Jeez, I would hate to see what you consider a radical proposal. Oh yeah, this:
Meanwhile, in Salt Lake City, the State Legislature is considering a bill to honor the Browning M1911 pistol by making it the official state firearm.
Gail Collins considers a law that impacts no one in any substantive way at all an absurd idea, yet thinks that a law that would impact Americans for years to come is modest. Pretty backwards if you ask me, but then again, I'm talking about a woman who is confused about the meaning of the word "terror:"
The terror of the National Rifle Association is so pervasive that President Obama did not want to poison the mood of his State of the Union address by suggesting that when somebody on the terror watch list tries to buy a gun, maybe we should do an extra check.

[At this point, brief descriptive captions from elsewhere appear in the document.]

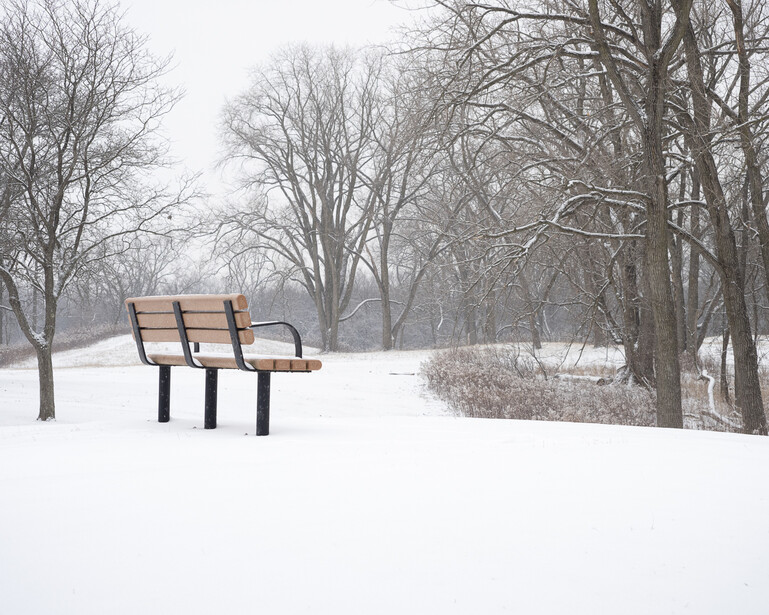 Wooden bench in snow-covered park with bare trees in misty background.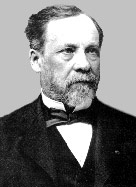 （圖）巴斯德（Pasteur）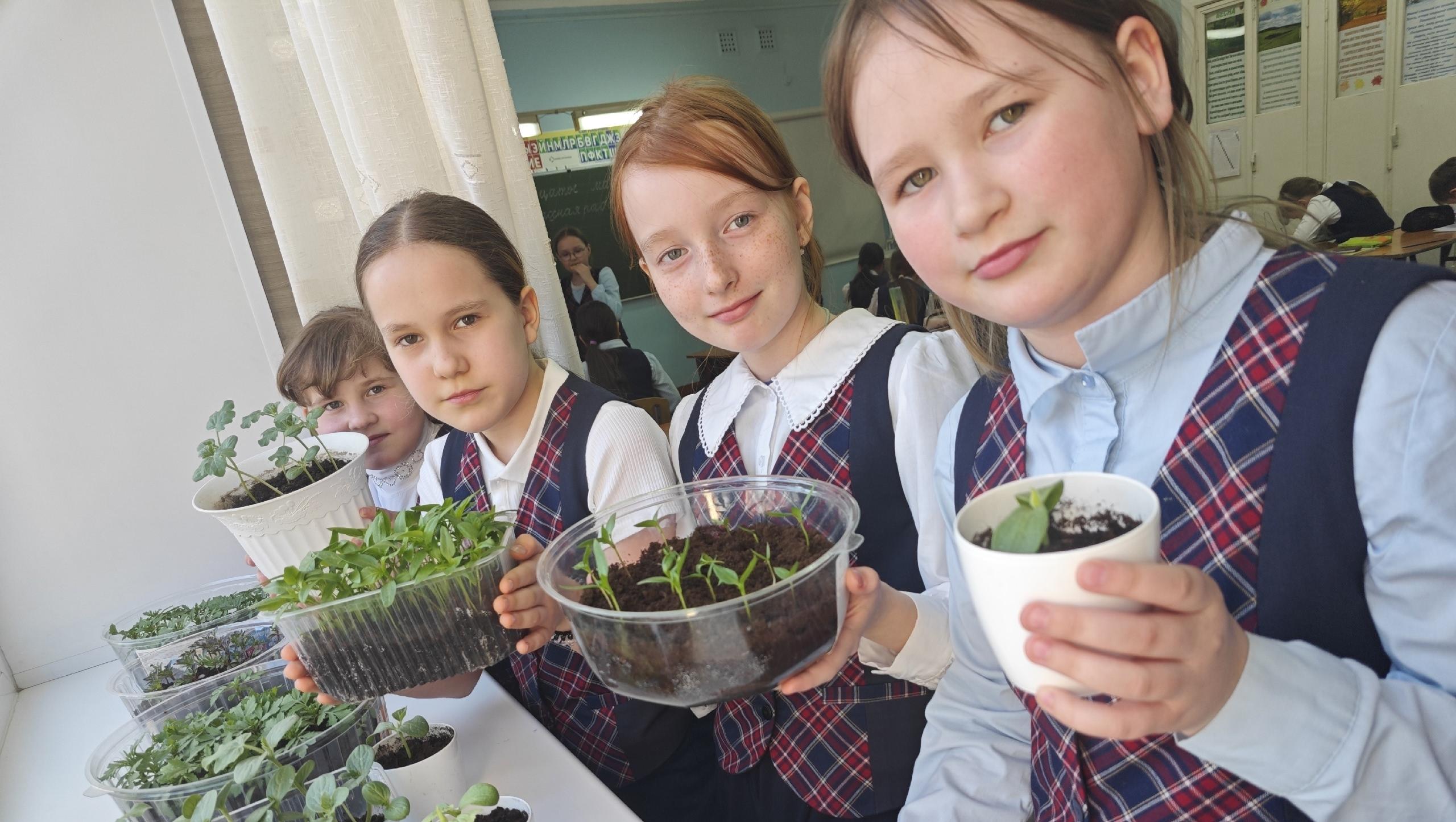 В Йошкар-Оле орлята планируют выращивать на пришкольном участке бахчевые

So a group of people who advocate the peaceable ownership of arms are terror[ists]? That puts a qualifier on exactly who she believes should be on a secret government list, no? I guess this prophetic understanding that she has in that branding non-violent people with a dark label and forever restricting or taking away their rights is "extremely mild," while ensuring a dead man who designed a bad-ass nine shot pistol is honored in his state is radical somehow leads us to want to send her nice comments on her shit article telling her about how smart she is.

The rest of the article is disgusting, and one can see right away how partisan she is.